1
votes

I want to process different batch files using S3-SQS-Lambda architecture and looking at 3 possible design approaches

  1. Option 1 - Process batch file as a whole at once

    • File delivered to S3
    • First Lambda will trigger and create message in SQS
    • Second lambda will trigger and will process batch file at once
  2. Option 2 - Process batch file with each message processed separately

    • File delivered to S3
    • First Lambda will trigger and create messages in SQS per each line in batch file with each line corresponding to a message
    • Second Lambda will trigger and will process one message at a time
  3. Option 3 - Process batch file with multiple messages processed concurrently

    • File delivered to S3
    • First Lambda will trigger and create messages in SQS per each line in batch file with each line corresponding to a message
    • Second Lambda will trigger and will process multiple messages at a time

I am inclined to use option 3 as it seems to be middle option from architecture, scalability, processing/cost standpoint, but would like pointers from experts on how they compare these options.

1

1 Answers

0
votes

Prefer simplicity until you have a proven need for complexity.

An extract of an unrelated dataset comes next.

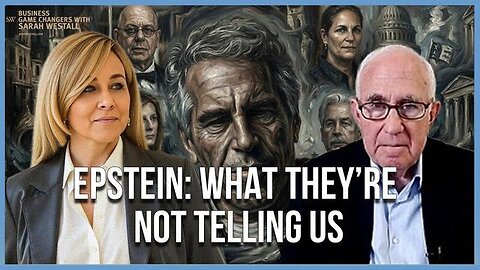 The Most Important Part of the Epstein Case Is Being Silenced w_ Harley Schlanger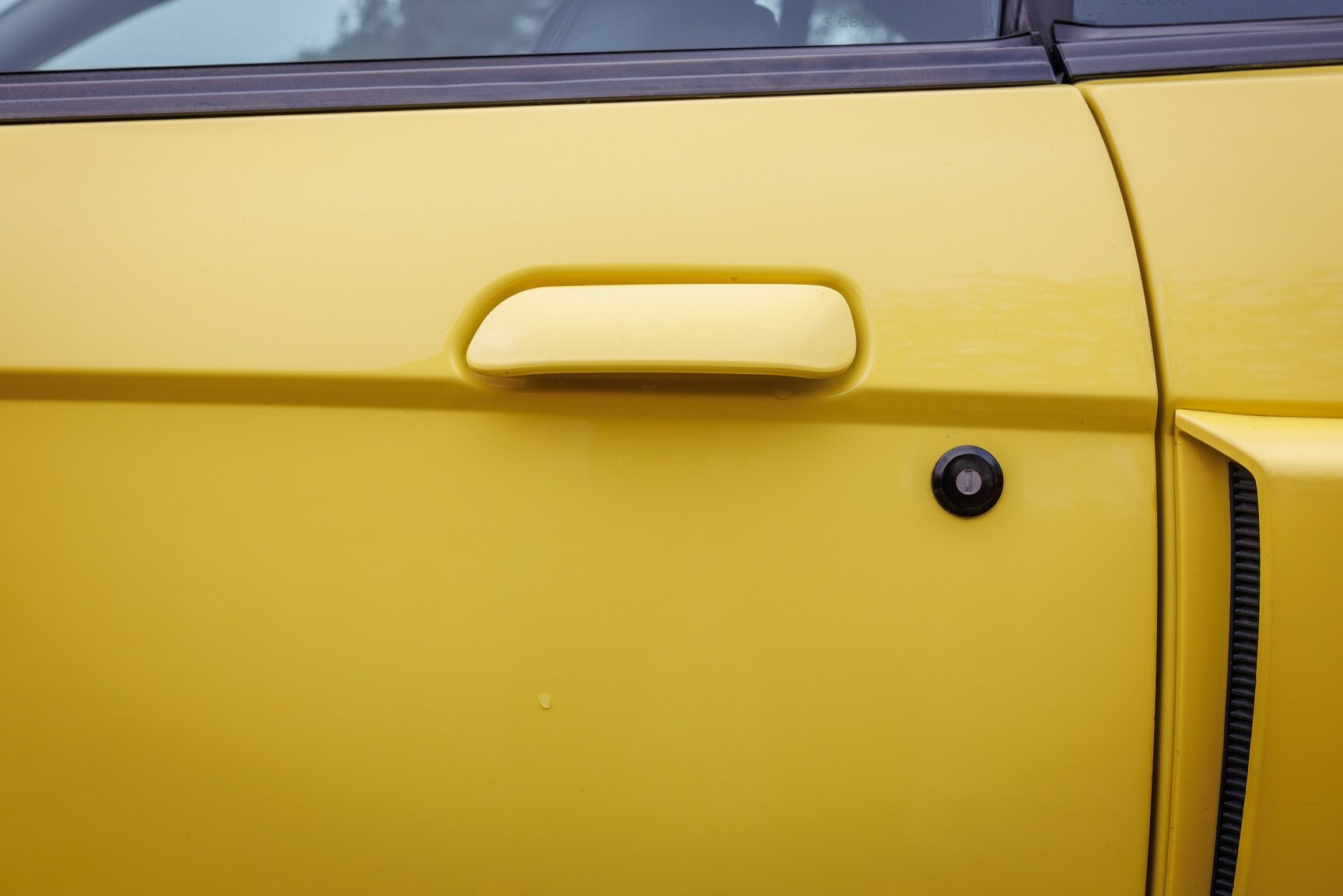 Exteriörbild på 2003 Ford Mustang SVT Cobra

All three of those options look architecturally valid. But for different conditions:

  1. This requires no additional infrastructure for you to manage. So long as a single lambda can always complete a batch within an acceptable time frame, I would always prefer this option. It is simple and easy to reason about.
  2. Use this if you can demonstrate that each message in the batch takes a few seconds to process and you want to work through the batch as quickly as possible. This is because you'll be going massively parallel to do the work, which will incur additional complexity and overhead, so if it only takes a few ms to process a message, then you won't realise the time saving and will be better with option...
  3. Use this option if the batch size from a file is too big for a single lambda to process in a timely fashion (e.g. option one is not suitable), and through experimentation you have discovered that there is an ideal batch size (e.g. the overhead of splitting and running a lambda dominates at low numbers of messages, but at, say, 100 messages, it becomes faster to process in parallel).

Start with Option 1, which will be quick and easy to set up. If it takes too long to process, then you've demonstrated that there is a need for complexity, and will need to move to Options 2 or 3. I would consider Option 2 to be a sub-set of Option 3. So write to batching logic and experiment to see what batch size offers the performance you need.